Dr. Tveit noted, however, that his study appears to "be in line with the COIN study," and concluded that "oxaliplatin may not be a good match for cetuximab for colorectal cancer treatment."

The COIN study, which was presented at the 2009 joint European CanCer Organization/ESMO Multidisciplinary Congress (abstract 6LBA), evaluated whether the addition of cetuximab to continuous oxaliplatin-based chemotherapy would improve overall survival when given as first-line therapy in advanced colorectal cancer. The median overall survival between the groups was not statistically significant.

No Difference Between Groups

In the current study, 571 patients were randomized to 1 of 3 treatment groups:

* Group A: FLOX twice a week (oxaliplatin 85 mg/m2 on day 1, 5-flurorouracil bolus 500 mg/m2, and folinic acid 60 mg/m2 on day 1–2)
* Group B: FLOX + cetuximab (initial dose 400 mg/m2, then 250 mg/m2 once a week)
* Group C: FLOX for 16 weeks + cetuximab continuously, with FLOX reintroduced at progression.

KRAS mutation status was obtained in 498 (87%) of patients, and BRAF mutation status in 457 patients (81%).

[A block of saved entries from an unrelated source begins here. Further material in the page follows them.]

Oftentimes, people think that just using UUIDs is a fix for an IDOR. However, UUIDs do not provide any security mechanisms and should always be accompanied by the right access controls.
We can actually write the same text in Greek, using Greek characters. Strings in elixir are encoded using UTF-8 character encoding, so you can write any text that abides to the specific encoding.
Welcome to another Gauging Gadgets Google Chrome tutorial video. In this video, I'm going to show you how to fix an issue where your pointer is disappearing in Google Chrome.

Almost half (40%) of tumors had KRAS mutations; 12% had BRAF mutations. The primary end point of the study was progression-free survival.

Overall survival was similar among the 3 groups.

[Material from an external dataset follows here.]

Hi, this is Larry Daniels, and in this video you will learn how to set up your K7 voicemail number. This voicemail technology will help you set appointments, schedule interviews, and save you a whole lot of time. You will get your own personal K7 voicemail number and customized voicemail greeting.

Overall survival for the intent-to-treat group was 20.4 months for group A, 19.7 months for group B, and 20.3 months for group C (HR, 1.06; 95% confidence interval [CI], 0.83 - 1.35; P = .67 for groups B vs A).

Overall survival for the wild-type KRAS group was 22 months for group A, 20.1 months for group B, and 21.4 months for group C (HR, 1.14; 95% CI, 0.80 - 1.61; P = .66 for groups B vs A).

Overall survival for the mutated KRAS group was 20.4 months for group A, 21.1 months for group B, and 20.5 months for group C (HR, 1.03; 95% CI, 0.68 - 1.57; P = .89 for groups B vs A)

Progression-free survival was similar between groups A and B.

For the intent-to-treat group, progression-free survival was 7.9 months in group A and 8.3 months in group B (HR, 0.89; 95% CI, 0.72 - 1.11; P = .31).

For the wild-type KRAS group, progression-free survival was 8.7 and 7.9 months, respectively (HR, 1.07; 95% CI, 0.79 - 1.45; P = .66).

For the mutated KRAS group, progression-free survival was 7.8 and 9.2 months, respectively (HR, 0.71; 95% CI, 0.50 - 1.03; P = .07).

True Interaction?

Alberto F. Sobrero, MD, head of medical oncology, Ospedale San Martino, in Genoa, Italy, and discussant of the paper, noted that the overall survival was similar for patients treated with FLOX intermittently and cetuximab continuously and for patients treated until progression.

"Cetuximab added an 8% response rate and marginal progression-free survival in the intent-to-treat population, and it also added toxicity," said Dr. Sobrero.

But the most unexpected conclusion was that there was no better outcome in the wild-type KRAS population, he added. "As far as KRAS relevance, it didn't have any impact on the outcome."

He pointed out that of 11 trials, this is the only one that showed a lower response rate in wild-type than in mutated KRAS.

Given all factors, Dr. Sobrero reasoned that, in his opinion," it is quite likely that the results are not due to bias or chance, but a true interaction" — the possibility that the treatment schedule or oxaliplatin causes a reaction.

The researchers have disclosed no relevant financial relationships.

35th European Society for Medical Oncology (ESMO) Congress: Abstract LBA20. Presented October 10, 2010.